Perhaps the most well-known modern-day saint in the world today was a tiny woman who lived in a poor country and cared for the least among us. She did not seek fame, but in many ways it found her anyway. She also found criticism from some because she did not do her work the way they thought she should. She did her work anyway.

Vatican City – October 1994. Mother Teresa, a Roman Catholic religious sister and missionary with the Missionaries of Charity, who lived most of her life in India, attended the 1994 Synod as an invited auditor. (L’Osservatore Romano)

The most difficult trial she faced was one that was unknown to the world until after her death: a spiritual absence of God that she felt in her life. Even in that darkness and trial, her love for God burned bright anyway.

St. Teresa of Calcutta, better known as Mother Teresa, faced challenges, loved God and served others. She gives us a beautiful example of putting the Lord’s will first in our lives even when it’s difficult to do.

Early influences

Teresa was born Gonxha (Agnes) Bojaxhiu in Skopje, North Macedonia (a European country north of Greece), to Albanian parents Nikola and Drane Bojaxhiu on August 26, 1910. She was the youngest of three children who lived a comfortable family life.
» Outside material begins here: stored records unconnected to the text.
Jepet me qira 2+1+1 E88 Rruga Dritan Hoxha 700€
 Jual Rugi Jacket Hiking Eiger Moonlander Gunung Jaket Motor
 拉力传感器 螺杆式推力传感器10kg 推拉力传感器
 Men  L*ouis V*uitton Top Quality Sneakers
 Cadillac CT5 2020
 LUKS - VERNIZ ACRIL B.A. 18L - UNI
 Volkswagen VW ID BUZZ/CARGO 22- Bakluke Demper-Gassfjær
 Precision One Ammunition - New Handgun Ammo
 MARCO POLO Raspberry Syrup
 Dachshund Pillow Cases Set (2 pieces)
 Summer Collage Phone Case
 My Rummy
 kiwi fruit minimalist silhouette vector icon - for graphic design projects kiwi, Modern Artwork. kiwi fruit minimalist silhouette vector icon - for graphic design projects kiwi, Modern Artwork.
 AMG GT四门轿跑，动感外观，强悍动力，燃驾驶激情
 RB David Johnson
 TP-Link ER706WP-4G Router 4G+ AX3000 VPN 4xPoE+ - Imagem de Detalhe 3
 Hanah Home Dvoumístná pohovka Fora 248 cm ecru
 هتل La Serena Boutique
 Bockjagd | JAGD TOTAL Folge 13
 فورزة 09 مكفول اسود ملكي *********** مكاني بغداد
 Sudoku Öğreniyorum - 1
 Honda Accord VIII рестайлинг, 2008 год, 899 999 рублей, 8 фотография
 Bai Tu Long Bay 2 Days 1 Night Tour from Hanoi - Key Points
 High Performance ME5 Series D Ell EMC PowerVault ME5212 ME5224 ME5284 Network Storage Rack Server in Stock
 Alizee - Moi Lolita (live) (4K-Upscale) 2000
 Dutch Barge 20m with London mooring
She received her first communion and was confirmed by the time she was 6 years old. By the time she was 8, life changed dramatically. Teresa’s father Nikola died suddenly, plunging the family into a dire financial situation, but her mother Drane held the family together, raising them with firmness and love. She had a profound influence on Teresa’s character and later her vocation. Her faith was also influenced by the Jesuit parish of the Sacred Heart where she was heavily involved.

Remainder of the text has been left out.